Storms brewing over Church architecture in Italy


Cardinal Ravasi and "superstar" architect Paolo Portoghesi have laid in to the architectural style of some of the Churches that have recently been built in Italy. Sandro Magister reports today on articles written L'Osservatore Romano: New Churches. The Vatican Flunks the Italian Bishops

Cardinal Ravasi attacked the kind of modern Churches
[...] in which we find ourselves lost as in a conference hall, distracted as in a sports arena, packed in as at a tennis court, degraded as in a pretentious and vulgar house.
Paolo Portoghesi mentioned specifically the three Churches that had won the Italian Bishops' Conference national architectural contest in 2000: those built in Foligno by Massimiliano Fuksas (above), in Catanzaro by Alessandro Pizzolato, and in Modena by Mauro Galantino (below).

e non mi abbandonare mai
Photo credit: Antonio Trogu 


Magister's piece concludes with another article published in L'Osservatore, this time by Fr Timothy Verdon, an art historian from the US. Fr Verdon writes on "Basilica and Circle.
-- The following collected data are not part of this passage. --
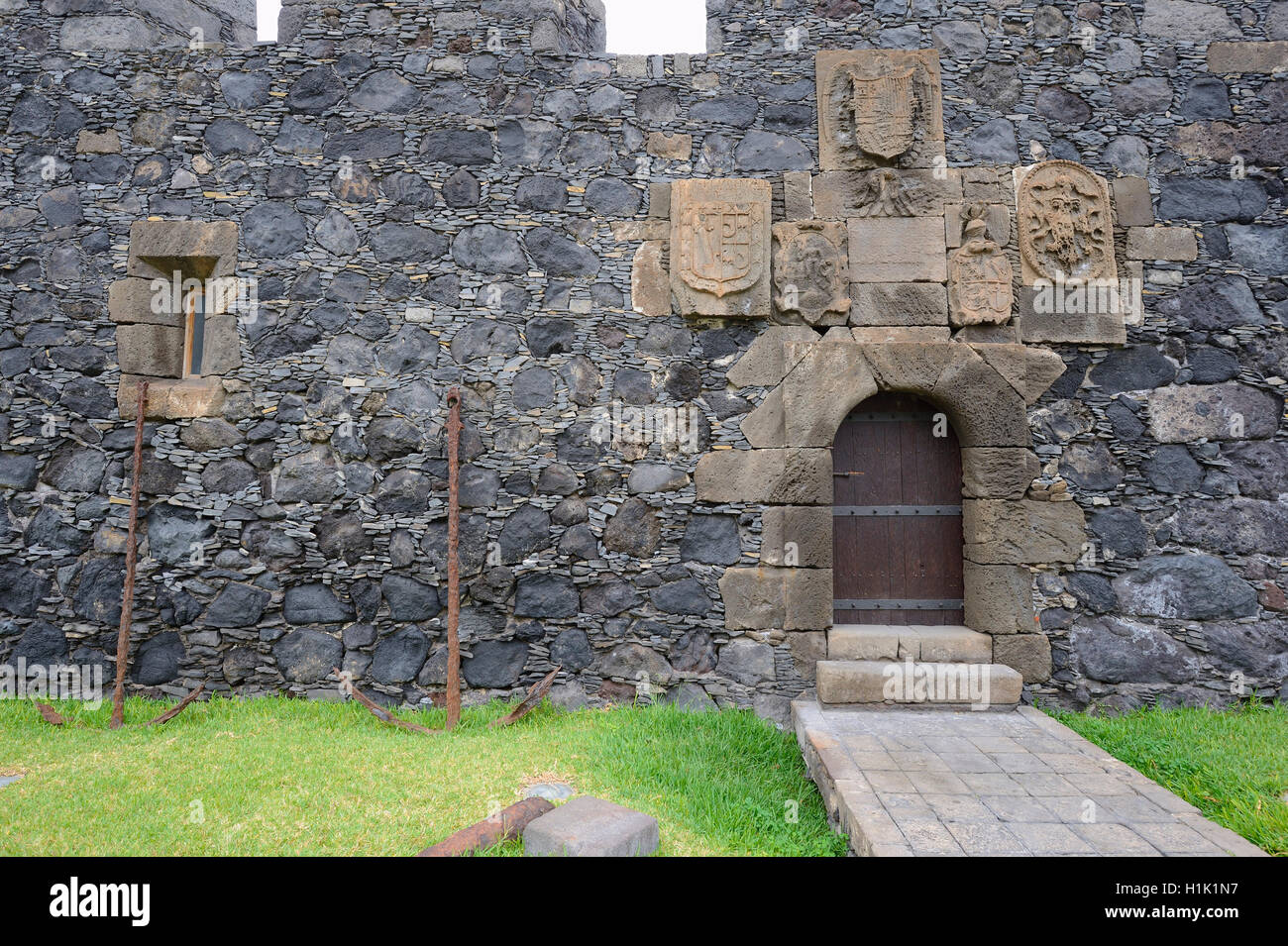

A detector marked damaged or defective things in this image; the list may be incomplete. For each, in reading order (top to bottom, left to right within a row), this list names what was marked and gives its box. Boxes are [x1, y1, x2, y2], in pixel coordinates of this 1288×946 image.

rusty metal stake [109, 380, 147, 731]
rusty iron rod [111, 380, 149, 731]
rusty metal stake [445, 385, 466, 731]
rusty iron rod [445, 385, 466, 731]
rusty iron rod [414, 797, 551, 859]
The Tradition of the Great Churches of Rome." His analysis is very far from emphasising the idea of the people all being gathered round in a circle; he focusses instead on the well of light at the heart of the building and the centrality of Christ.

It is a relief to hear that there is some opposition to the ludicrously brutalist nonsense that seems to be popping up at great expense all over Italy when it would be possible to build Churches instead.